Kenpo Organisation or Lineage
Whatever line of Kenpo you follow is a personal choice. Some choose a line simply because they like the teacher’s personality independent of what he teaches on the mat. Others choose an instructor that they know will teach them the art and will push them to do so. The saying goes: “The apple doesn’t fall far from the tree.” If a person really wants to learn something, anything, he should want to be able to train and get as much information on the subject as he can. Do you think that to train with your teacher once a year, is enough to learn the art? I’m sure that in no country you can become a doctor by going to the university once a year. Some organisations offer lessons and rank by video performance sent back and fourth which many feel is not the proper way to study and learn the art. You need an instructor with you on the mat to make instant corrections in your motion or technique so it doesn’t become a bad habit from practice time before you get a return or reply on your video you sent in. As said: “It is easier to prevent a habit then to break one.” In many peoples opinion it is difficult to increasethe knowledge of Kenpo when there are few qualified teachers out there educating and explaining the art.
Make sure to seek a qualified instructor and make sure to check his background, because to see a photo on the wall where he is standing beside Senior Grandmaster Ed Parker is honestly not enough. Many have pictures like this that have never actually trained with him. One thing is for sure: it is said that Ed Parker had more students after he died than when he was alive. In the end, you can fool people for a while until they gain enough knowledge in the art to sort out the good from the bad.

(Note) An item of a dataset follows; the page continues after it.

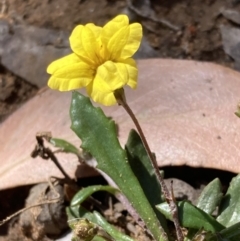 Goodenia geniculata (Bent Goodenia) at Bellfield, VIC - 19 Oct 2023 by AnneG1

Another question is: who says you are qualified as an instructor? The answer is simple: the student says you are qualified. If a student feels you are teaching him and he is learning something that keeps him happy or satisfied then you are qualified. If he is not happy and feels he is not learning much then he will go somewhere else. Remember, nobody can steal your student or your wife. If they are not happy with you, you will know it. If they are, they will not go anywhere else.
In the Parker/Planas Lineage Mr. Planas gives out a patch to the teachers that meet the requirements for his personal standard. Today there are no more then a handful of active teachers that meet Mr. Planas standard of qualification in the world. It is amazing what’s become of the black belt and how it has lost its true value. You can see ten-year-old and younger kids walking around with black belts and they really do think they have the knowledge and the experience to wear the belt. One of the definitions of Dan and Kyu ranks are Dan for man and Kyu for child, which is a contradiction in itself. Originally a person could not wear a black belt until they were 16 years old which was considered a junior black belt until they reached the age of 18, when they were recognised as adults or full rank. Unfortunately, today everything can be bought and sold – and because of that, the essence of the martial art has lost its historical and traditional value.